Cross-referencing the log-softmax output 2 cells above, notice the probability of each token is quite similar, i.e., the model thinks it is (roughly) equally likely to generate each token. This is because the model is untrained. Correspondingly, we see above that the model is quite poor at predicting the correct token.

In summary, the steps of sampling the generative model are:

  1. Tokenize the raw SMILES

  2. Encode the vector (get the numerical vocabulary indices)

  3. Collate the vector (pad the vector so that regardless of the length of SMILES strings passed into the model, the embedding vector has the same dimensions)

  4. Generate the embedding (input vector)

  5. Pass the embedding to the RNN

  6. Apply a linear transformation on the RNN output so that the dimensions is equal to the vocabulary length

  7. Apply log-softmax to obtain the multinomial token probability distribution

How Does The Model Learn?

The previous section went through step-by-step how a raw SMILES string is passed through the entire model. The resulting multinomial probability distribution was not very useful as all tokens seemed to be equally likely of being proposed at the next time step. This section introduces the loss function, Negative Log-Likelihood (NLL) which we want to minimize.

\[NLL = \log(probability_{token})\]

Since the Log-Softmax Function already takes the \(log\), the Negative Log-Likelihood simply takes the negative of the Log-Softmax Function output.

Let’s first see how this looks like through the corresponding tensors:

# define the loss
loss = torch.nn.NLLLoss(reduction='none')
# recall the correct token indices of "CCBr" which was our original SMILES
print(f"These are the token indices we would want our model to predict:\n{numerical_indices_bromoethane}\n")
print(f"Recall the log-softmax output:\n{log_softmax}\n")
print(f"We will transpose the log-softmax tensor to have shape (batch size) x (vocabulary) x (sequence length):\n{log_softmax.transpose(1,2)}\n")
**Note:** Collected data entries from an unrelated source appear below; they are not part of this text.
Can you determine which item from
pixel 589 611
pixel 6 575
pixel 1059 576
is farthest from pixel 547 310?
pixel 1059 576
print(f"The output tensor from negative log-likelihood is:\n{loss(log_softmax.transpose(1, 2), numerical_indices_bromoethane)}\n")
These are the token indices we would want our model to predict:
tensor([[18, 18, 17]])

Recall the log-softmax output:
tensor([[[-2.8603, -3.2152, -3.4632, -3.4812, -2.9567, -3.7005, -3.1904,
          -2.8467, -2.6396, -2.9967, -2.8168, -3.0105, -2.9012, -3.1759,
          -3.0016, -2.7909, -2.7135, -3.1724, -2.8580, -2.7997],
         [-2.8890, -3.1412, -3.4874, -3.4756, -2.9827, -3.7697, -3.2274,
          -2.8497, -2.5736, -2.9947, -2.8084, -3.0525, -3.0017, -3.1362,
          -3.0306, -2.8142, -2.6821, -3.1584, -2.8385, -2.7536],
         [-2.8206, -3.2657, -3.4471, -3.5366, -2.9153, -3.6107, -3.3198,
          -2.8493, -2.6934, -2.9995, -2.7903, -2.9677, -2.6194, -3.2204,
          -3.0650, -2.7675, -2.6875, -3.3303, -2.9213, -2.8862]]],
       grad_fn=<LogSoftmaxBackward0>)

We will transpose the log-softmax tensor to have shape (batch size) x (vocabulary) x (sequence length):
tensor([[[-2.8603, -2.8890, -2.8206],
         [-3.2152, -3.1412, -3.2657],
         [-3.4632, -3.4874, -3.4471],
         [-3.4812, -3.4756, -3.5366],
         [-2.9567, -2.9827, -2.9153],
         [-3.7005, -3.7697, -3.6107],
         [-3.1904, -3.2274, -3.3198],
         [-2.8467, -2.8497, -2.8493],
         [-2.6396, -2.5736, -2.6934],
         [-2.9967, -2.9947, -2.9995],
         [-2.8168, -2.8084, -2.7903],
         [-3.0105, -3.0525, -2.9677],
         [-2.9012, -3.0017, -2.6194],
         [-3.1759, -3.1362, -3.2204],
         [-3.0016, -3.0306, -3.0650],
         [-2.7909, -2.8142, -2.7675],
         [-2.7135, -2.6821, -2.6875],
         [-3.1724, -3.1584, -3.3303],
         [-2.8580, -2.8385, -2.9213],
         [-2.7997, -2.7536, -2.8862]]], grad_fn=<TransposeBackward0>)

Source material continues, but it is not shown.